*** Opening Source material ***

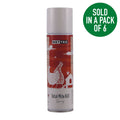 Nettex Poultry Total Mite Kill Spray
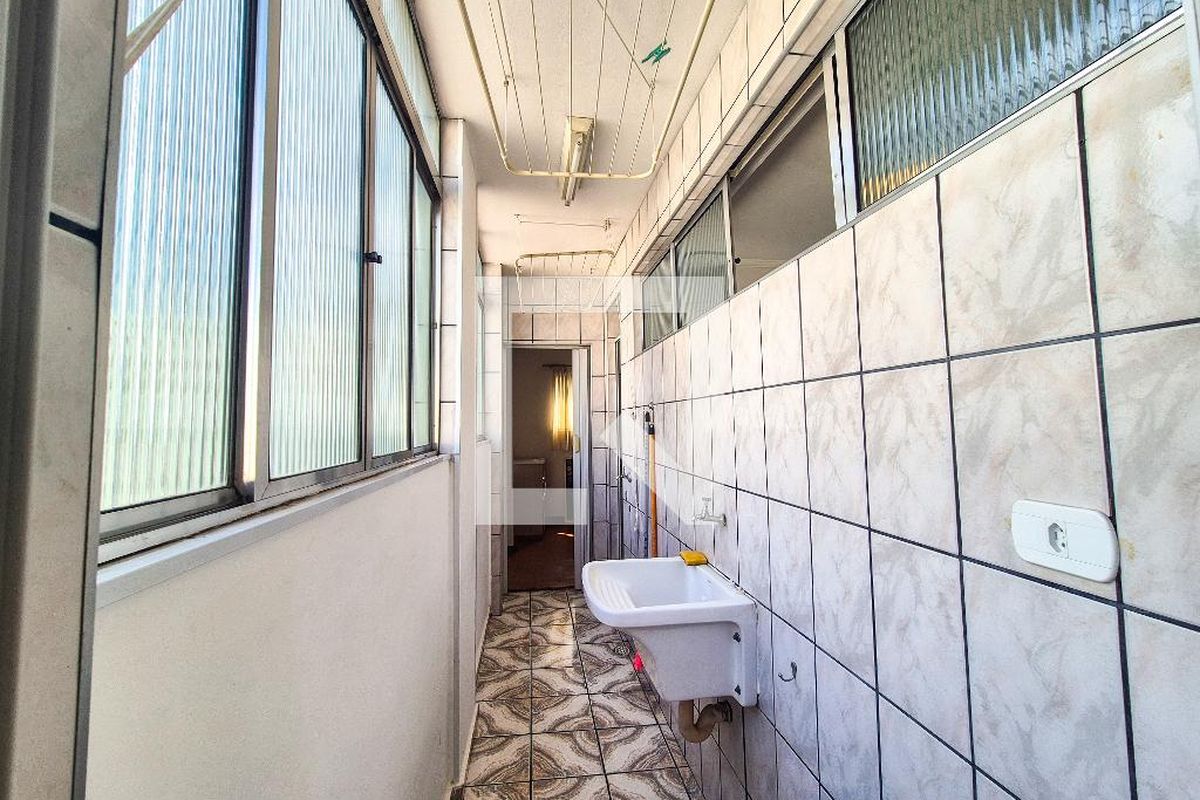 Apartamento, 3 quartos, 86 m² - Foto 23
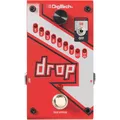 Produktbild: Digitech The Drop | Neu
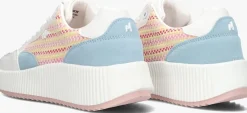 multi mexx lage sneakers marilo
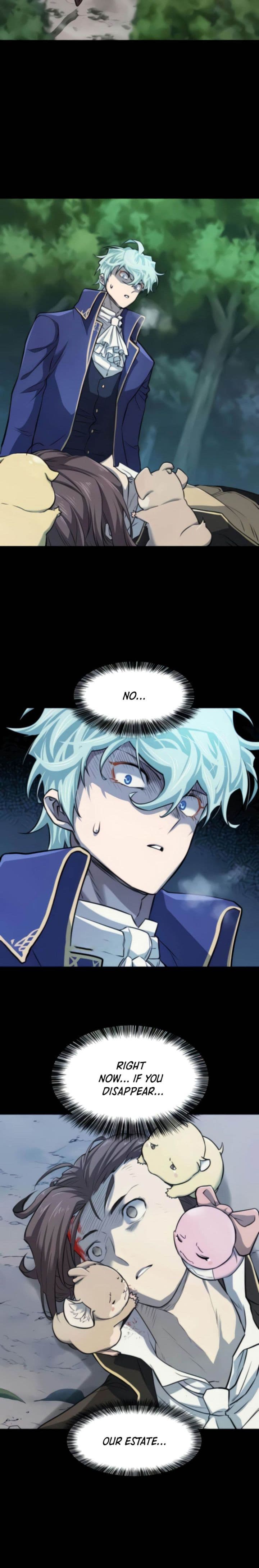 Page https://readmanhwaverse.com/images/the-worlds-best-engineer/chapter-34/03.jpg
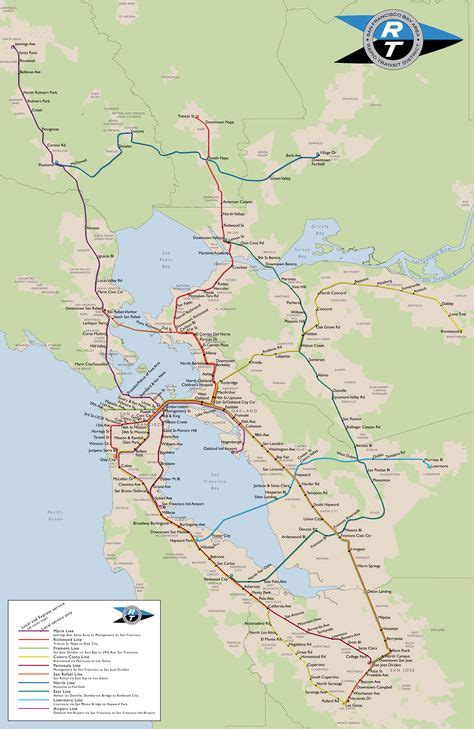62 Fantasy Transit Ideas In 2021 Subway Transit Map Fantasy Map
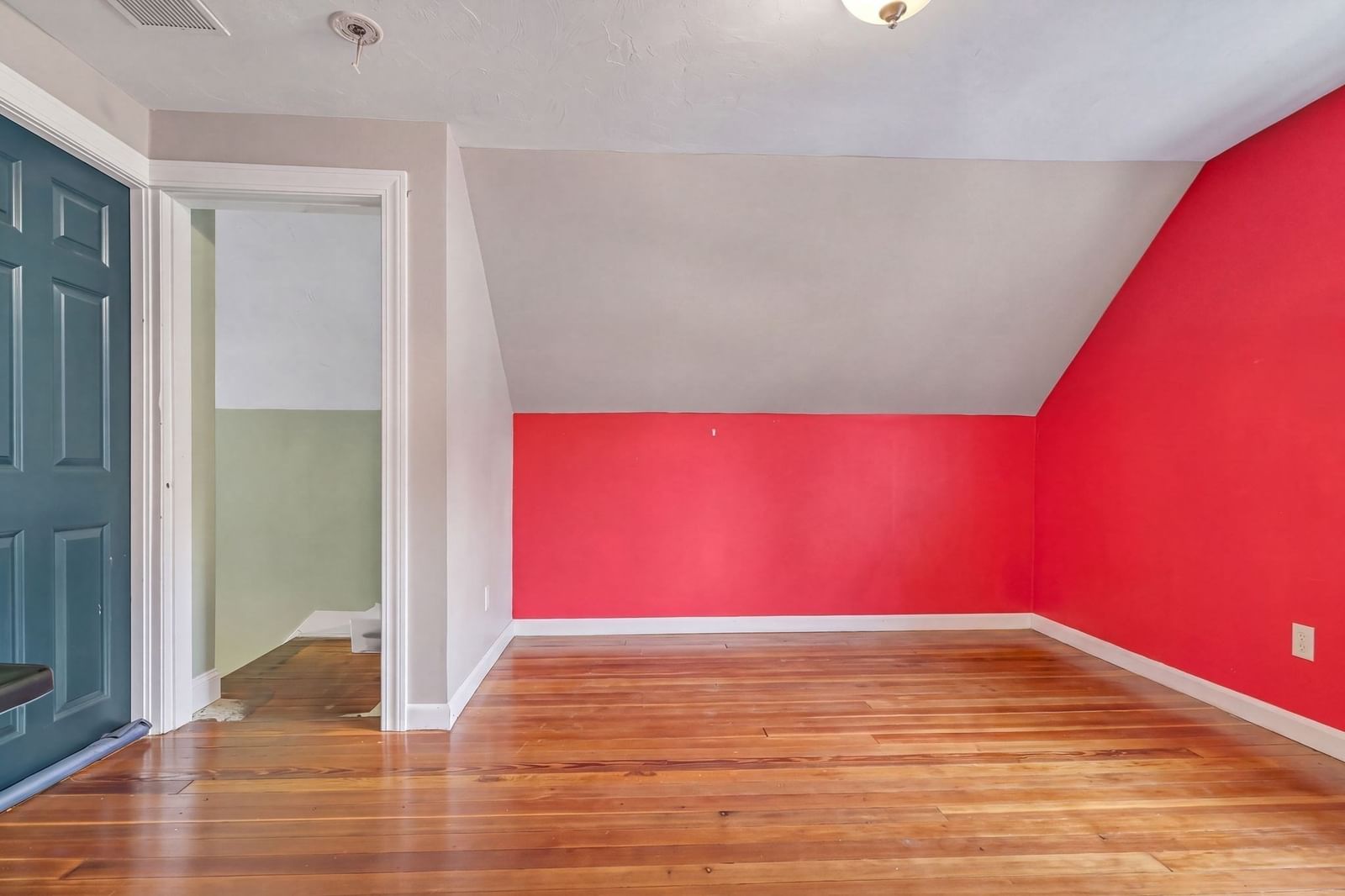 25 Fuller Pl Mansfield — Photo 30 of 30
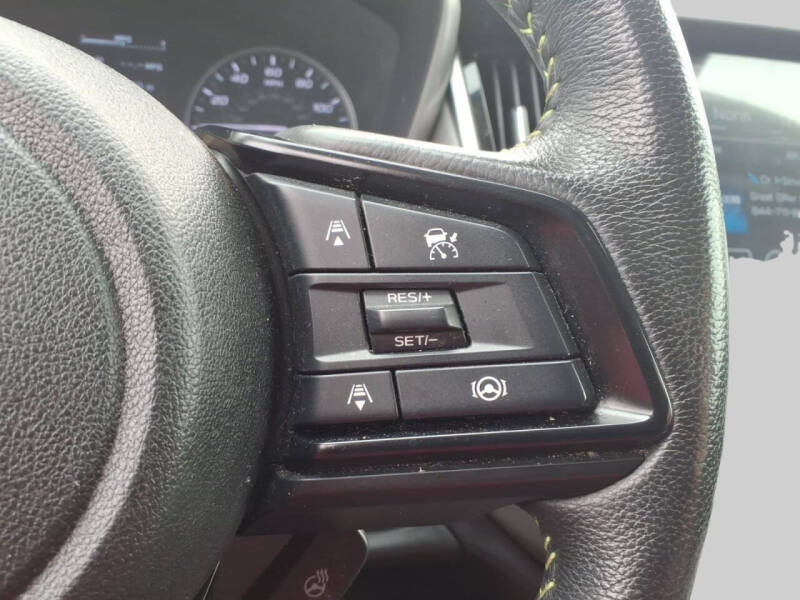 2024 Subaru Outback Onyx Edition XT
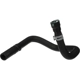 Purchase Top-Quality Heater Hose by GATES - 24681 pa3
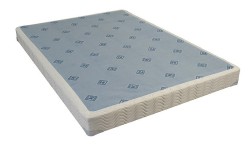 Box Individual Mónaco Restonic
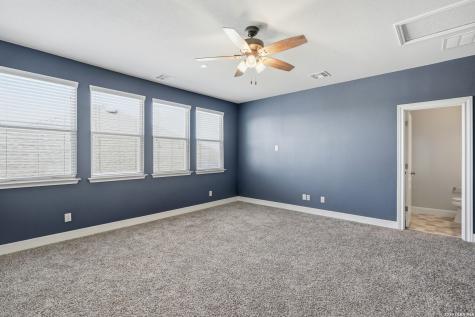 21918 Big Bend Canyon San Antonio TX 78258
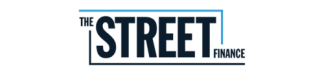 thestreetfinance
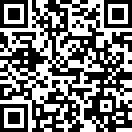 QRコード https://mirunuku.net/?cid=h_1251dfsmmr00377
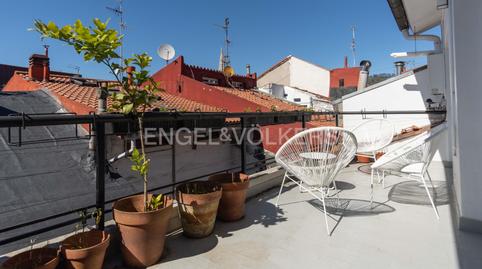 Foto 2 de Dúplex de lloguer a Casco Viejo, Bizkaia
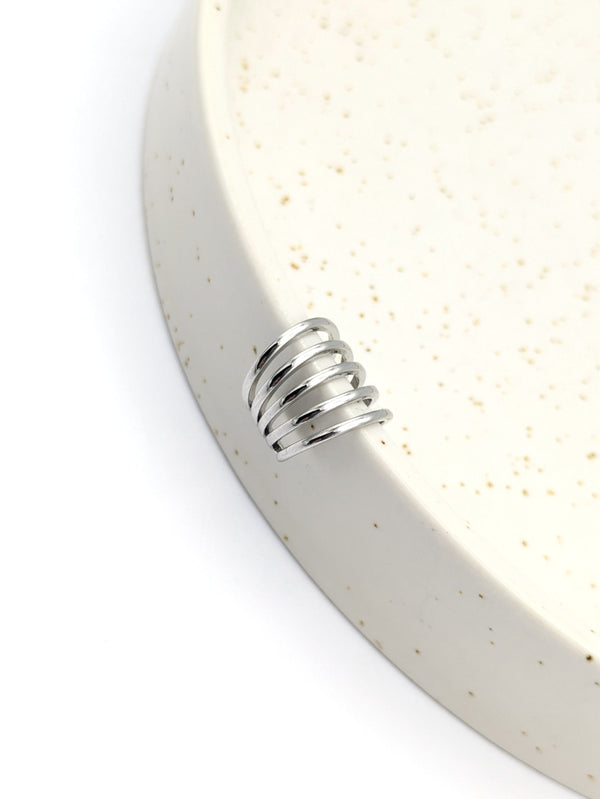 ROOI O115B Juwelen Sieraden Leuven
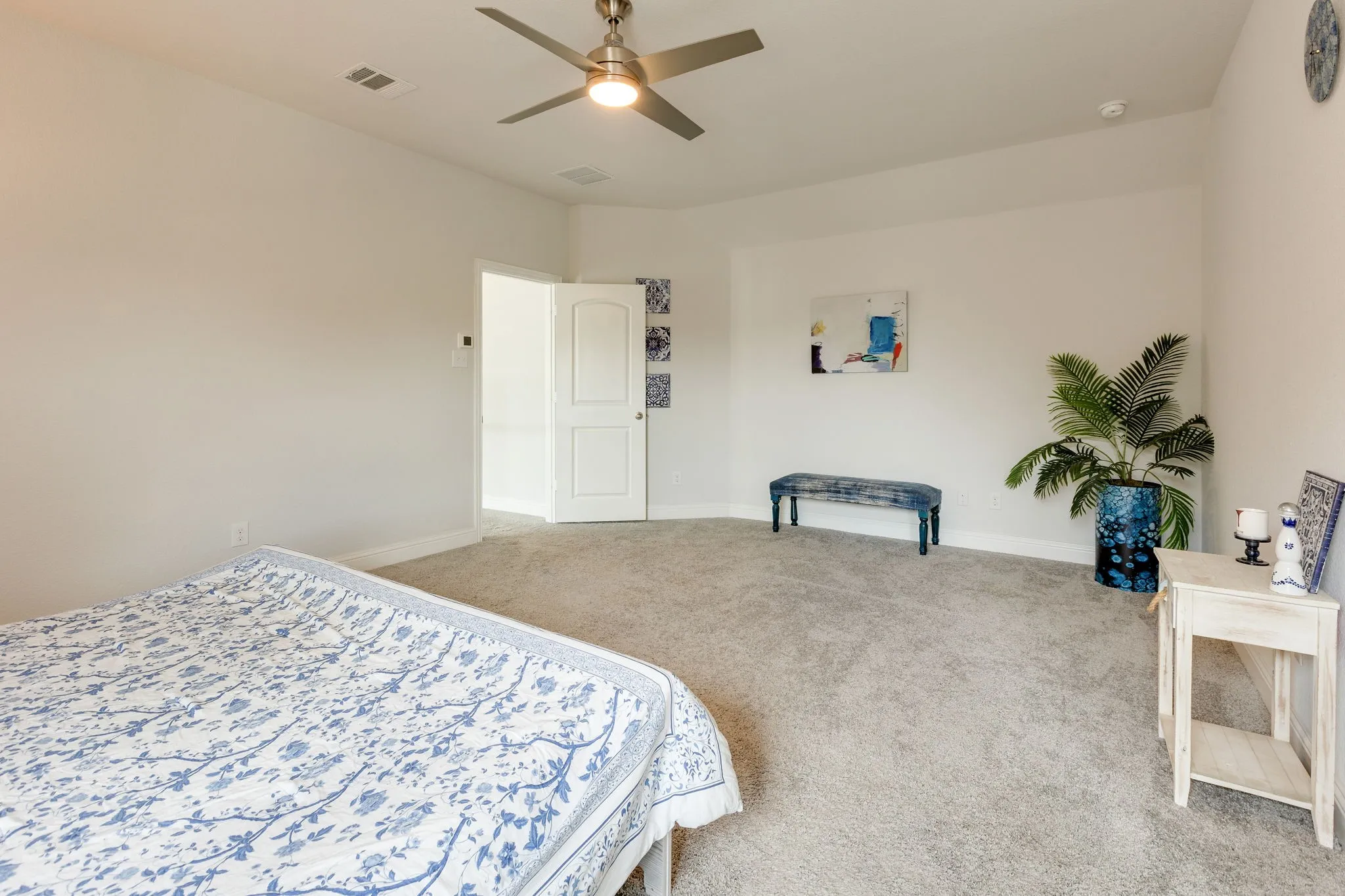 Single Family Residence For Rent in Collin County , 5605 Acoma Lane, Mc Kinney, Texas 75070, 4 Bedroom, 3 Bathroom, Garage spaces, 2,837 Sqft, built in 2020, mls#21298558, Real Estate Agent in Mc Kinney, Homes For Rent in Collin county, Homes For Rent in Mc Kinney, Realtor in Mc Kinney Texas, Real Estate Brokerage Independent Realty Texas, Luminita Cordes Realtor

*** Closing Source material ***

**Your goal:** No pictures, please. Output the listing above exactly as it stands.

**Response to the exercise:**
 Nettex Poultry Total Mite Kill Spray
 Apartamento, 3 quartos, 86 m² - Foto 23
 Produktbild: Digitech The Drop | Neu
 multi mexx lage sneakers marilo
 Page https://readmanhwaverse.com/images/the-worlds-best-engineer/chapter-34/03.jpg
62 Fantasy Transit Ideas In 2021 Subway Transit Map Fantasy Map
 25 Fuller Pl Mansfield — Photo 30 of 30
 2024 Subaru Outback Onyx Edition XT
 Purchase Top-Quality Heater Hose by GATES - 24681 pa3
 Box Individual Mónaco Restonic
 21918 Big Bend Canyon San Antonio TX 78258
 thestreetfinance
 QRコード https://mirunuku.net/?cid=h_1251dfsmmr00377
 Foto 2 de Dúplex de lloguer a Casco Viejo, Bizkaia
 ROOI O115B Juwelen Sieraden Leuven
 Single Family Residence For Rent in Collin County , 5605 Acoma Lane, Mc Kinney, Texas 75070, 4 Bedroom, 3 Bathroom, Garage spaces, 2,837 Sqft, built in 2020, mls#21298558, Real Estate Agent in Mc Kinney, Homes For Rent in Collin county, Homes For Rent in Mc Kinney, Realtor in Mc Kinney Texas, Real Estate Brokerage Independent Realty Texas, Luminita Cordes Realtor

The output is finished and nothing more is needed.